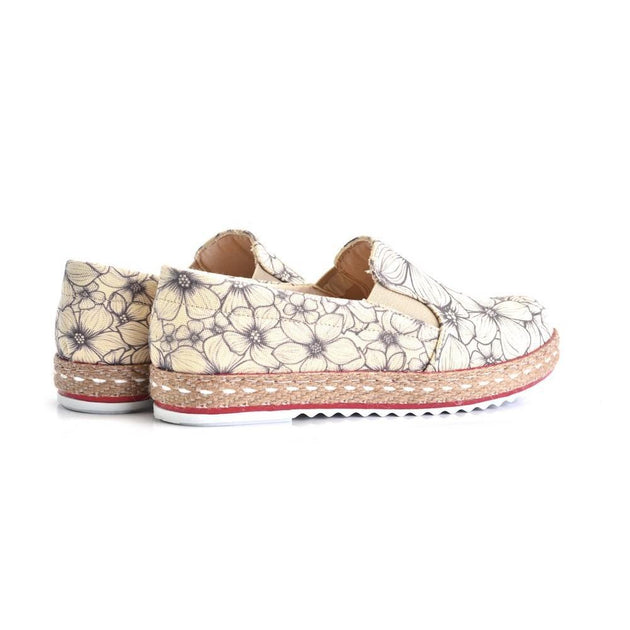 Slip on Sneakers Shoes HV1584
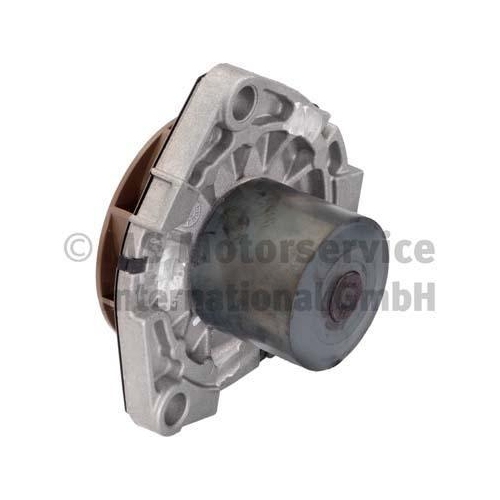 PIERBURG Wasserpumpe, Motork&uuml;hlung 7.01984.02.0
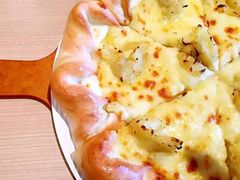 -必胜客(安盛金马店)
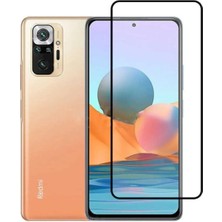 Royaleks Xiaomi Redmi 9 Uyumlu Premium Ekran Koruyucu 9h Sert Temperli Kırılmaz Cam Koruma Şeffaf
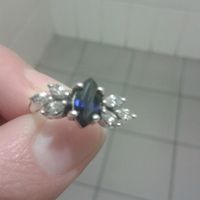 bague de fiancaille 2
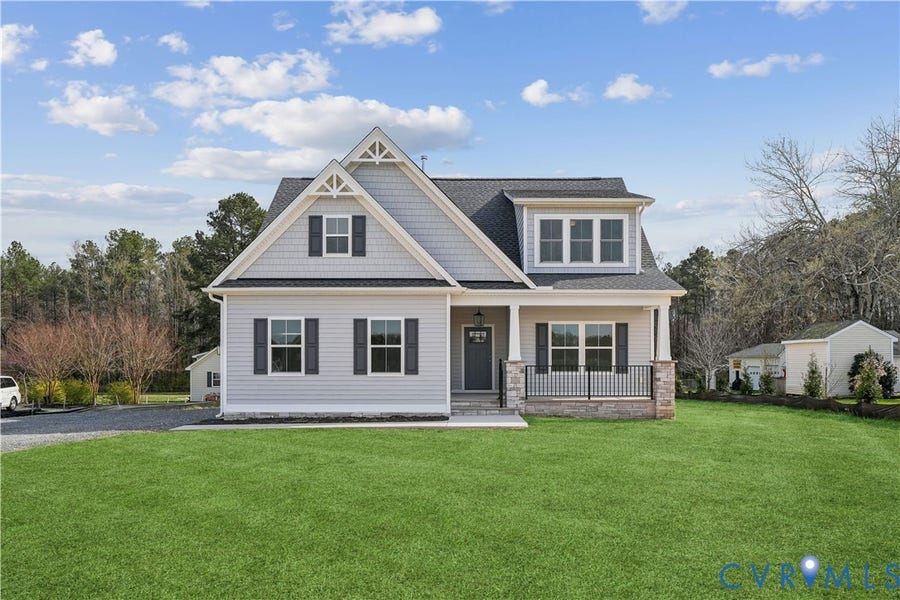 Property photo for 10464 Meyers Park Drive, Ashland, VA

## ASSIGNMENT
In the data above, the line containing "-必胜客(安盛金马店)" and all lines after it are to be reproduced exactly, leaving out the pictures.

## SOLUTION FOR THIS EXERCISE
 -必胜客(安盛金马店)
 Royaleks Xiaomi Redmi 9 Uyumlu Premium Ekran Koruyucu 9h Sert Temperli Kırılmaz Cam Koruma Şeffaf
 bague de fiancaille 2
 Property photo for 10464 Meyers Park Drive, Ashland, VA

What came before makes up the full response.